Your instructions — With pictures removed, the data below should be returned exactly.
Records for processing Block Start
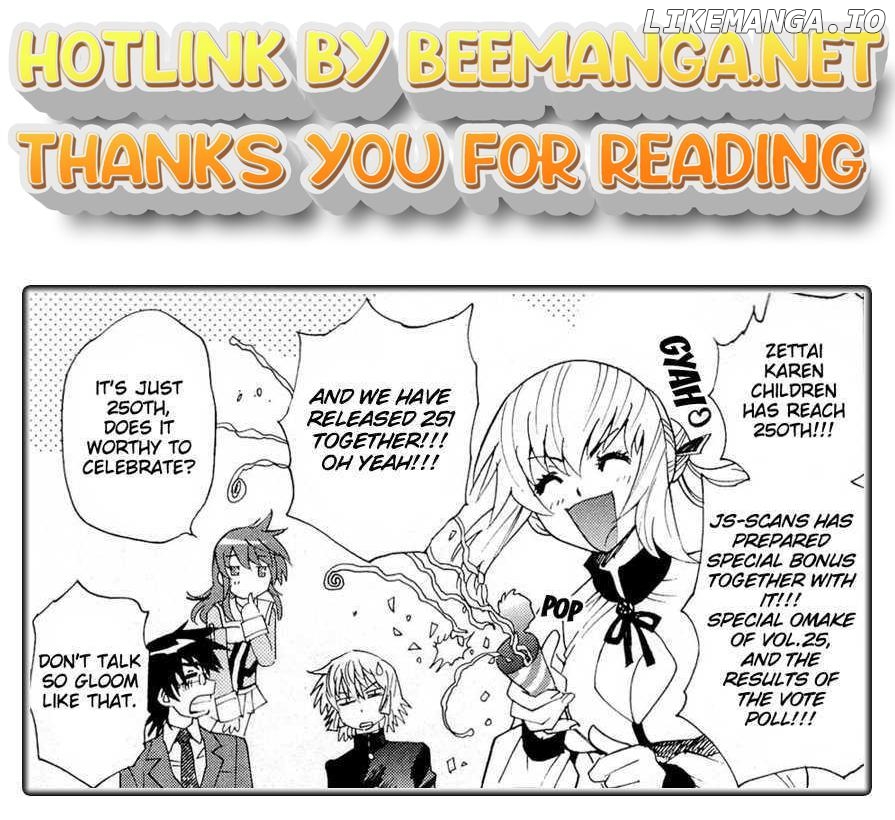 Zettai Karen Children Chapter 254 - page 1
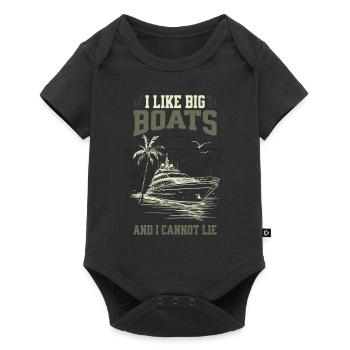 I Like Big Boats And I Cannot Lie Tropical Yacht - Baby Premium short-sleeve bodysuit - black - Front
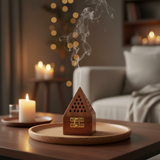 Wooden Incense Burner Box  - 11×7 cm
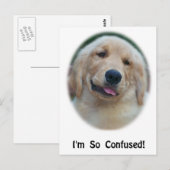 "私はそう混同した"おもしろTシャツ及びギフトです ポストカード (正面/裏面)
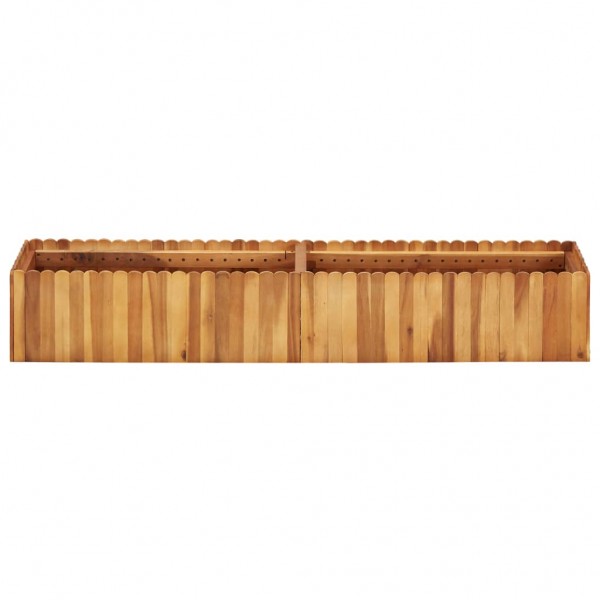 Arriate de madera maciza de acacia 150x30x25 cm M 2
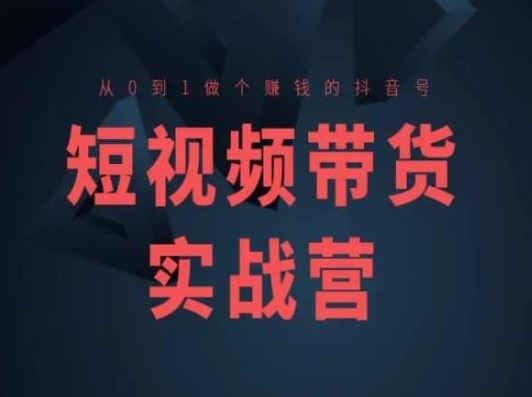 短视频带货实战营(高阶课)，从0到1做个赚钱的抖音号_菜菜笔记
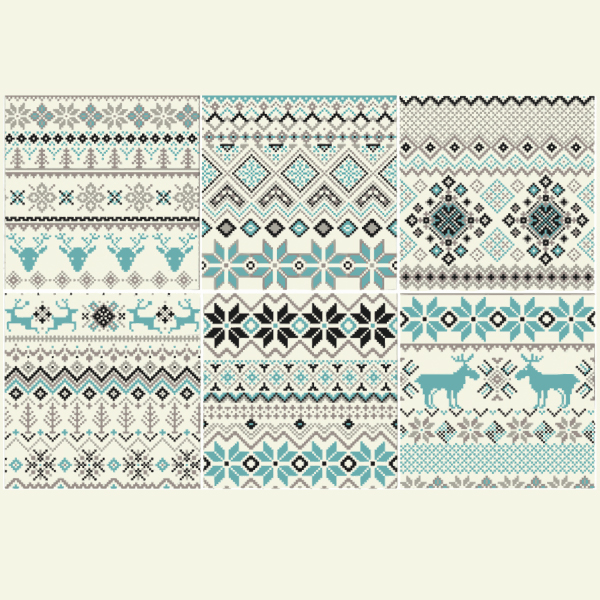 Wall Stickers: Kit 48 peel and stick tile winter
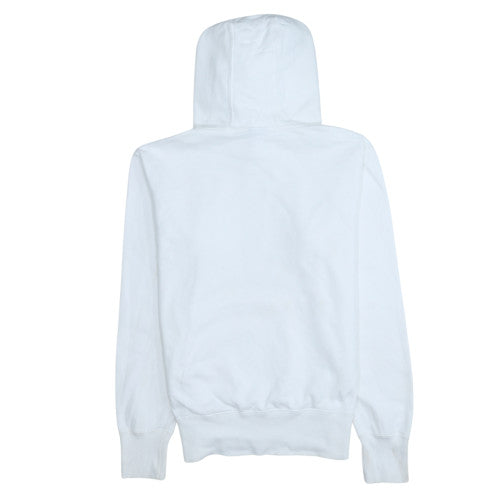 Champion Men's White Pullover Hoodie Medium Logo Graphic Sportswear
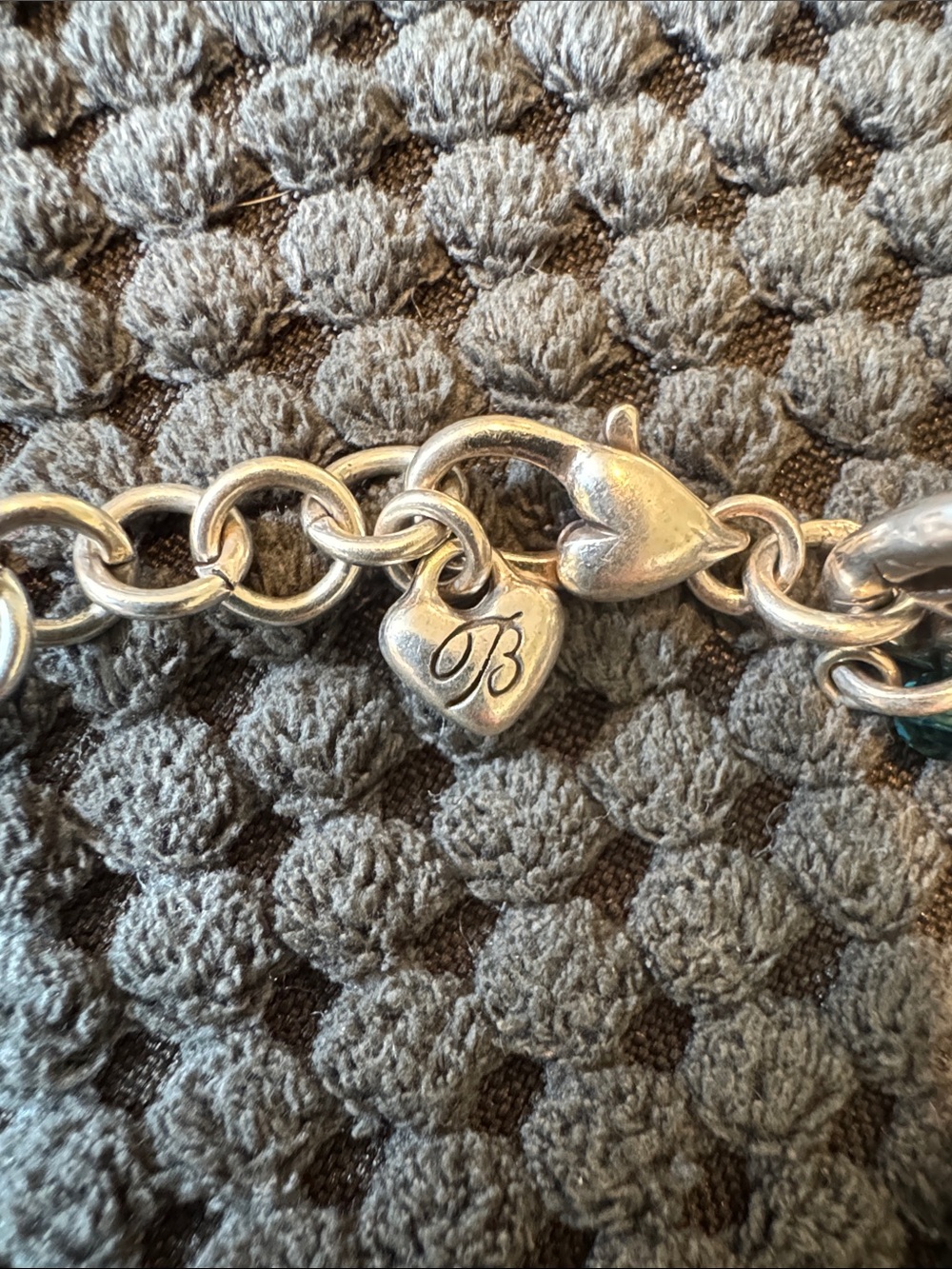 Brighton  Silver Multi-Color Charm Link Bracelet - Picture 6 of 8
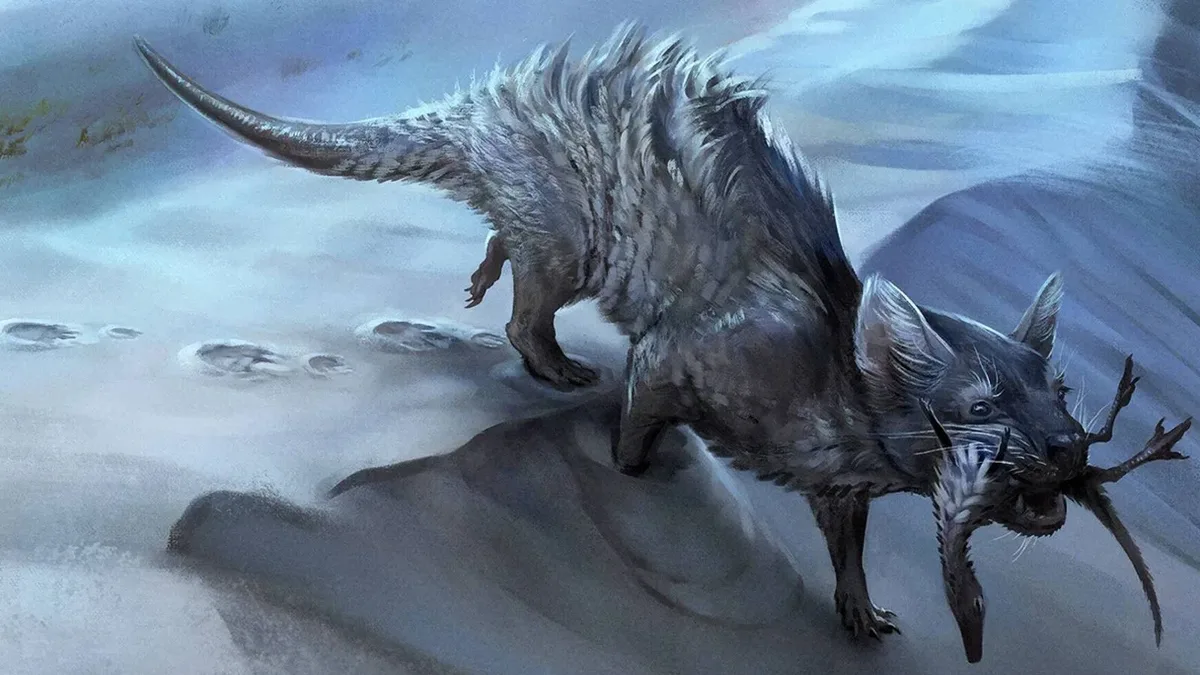 Una extraña huella de hace 130M de años revela que existió una rata gigante capaz de comer dinosaurios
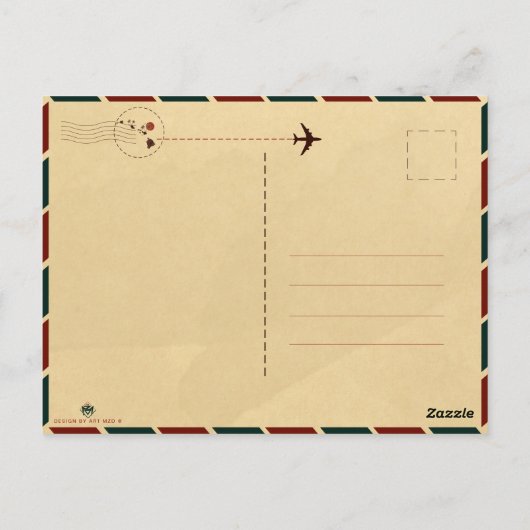 Hanalei Kauai Hawaii Retro Volcano Road, jaren 50 Briefkaart (Achterkant)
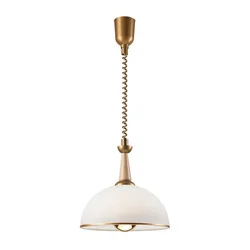 Podesivi luster CHIARA 1xE27/60W/230V bež/bukva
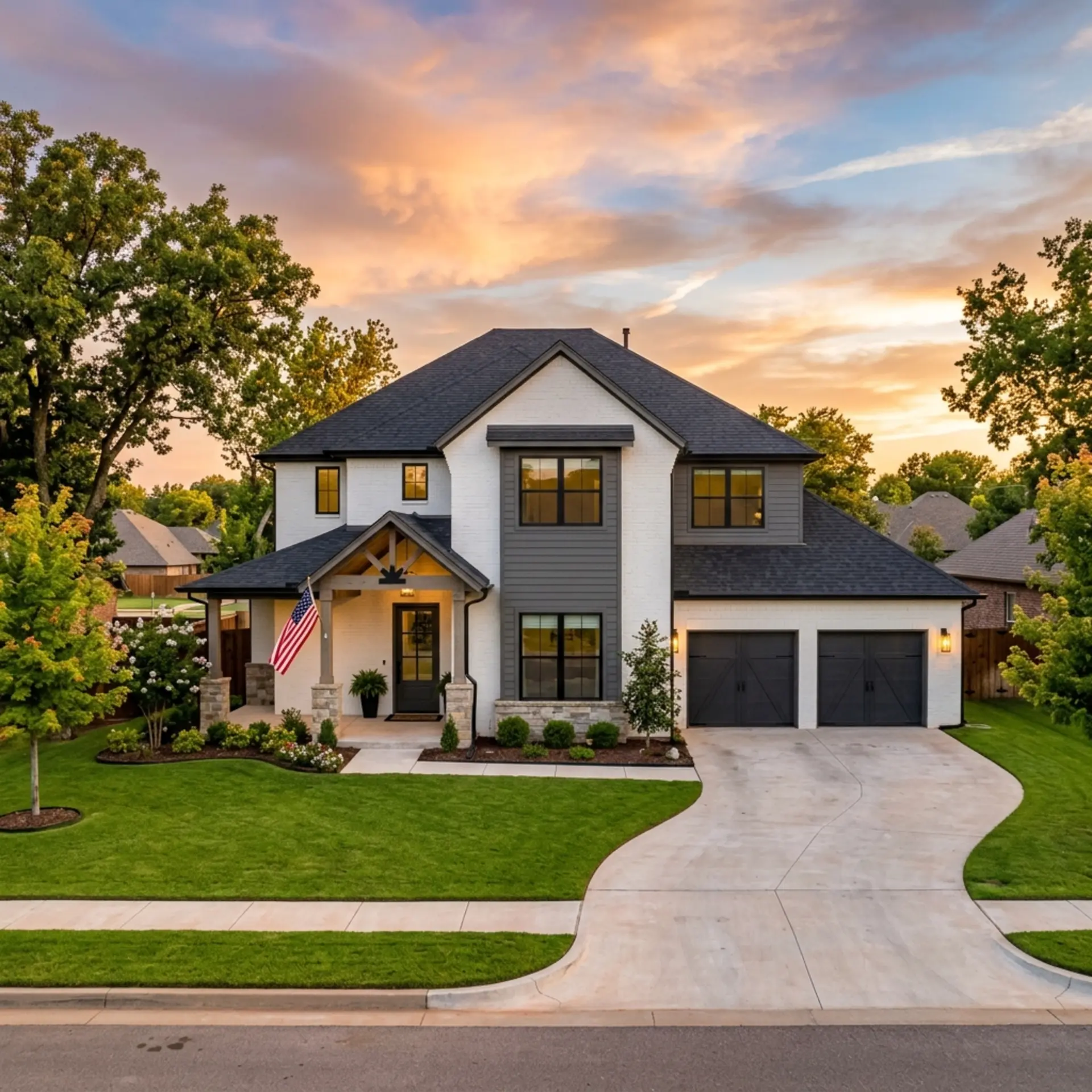 Beautiful Fort Sill area home at sunset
Records for processing Block End
Exercise output —
 Zettai Karen Children Chapter 254 - page 1
 I Like Big Boats And I Cannot Lie Tropical Yacht - Baby Premium short-sleeve bodysuit - black - Front
 Wooden Incense Burner Box  - 11×7 cm
 "私はそう混同した"おもしろTシャツ及びギフトです ポストカード (正面/裏面)
 Arriate de madera maciza de acacia 150x30x25 cm M 2
 短视频带货实战营(高阶课)，从0到1做个赚钱的抖音号_菜菜笔记
 Wall Stickers: Kit 48 peel and stick tile winter
 Champion Men's White Pullover Hoodie Medium Logo Graphic Sportswear
 Brighton  Silver Multi-Color Charm Link Bracelet - Picture 6 of 8
 Una extraña huella de hace 130M de años revela que existió una rata gigante capaz de comer dinosaurios
 Hanalei Kauai Hawaii Retro Volcano Road, jaren 50 Briefkaart (Achterkant)
 Podesivi luster CHIARA 1xE27/60W/230V bež/bukva
 Beautiful Fort Sill area home at sunset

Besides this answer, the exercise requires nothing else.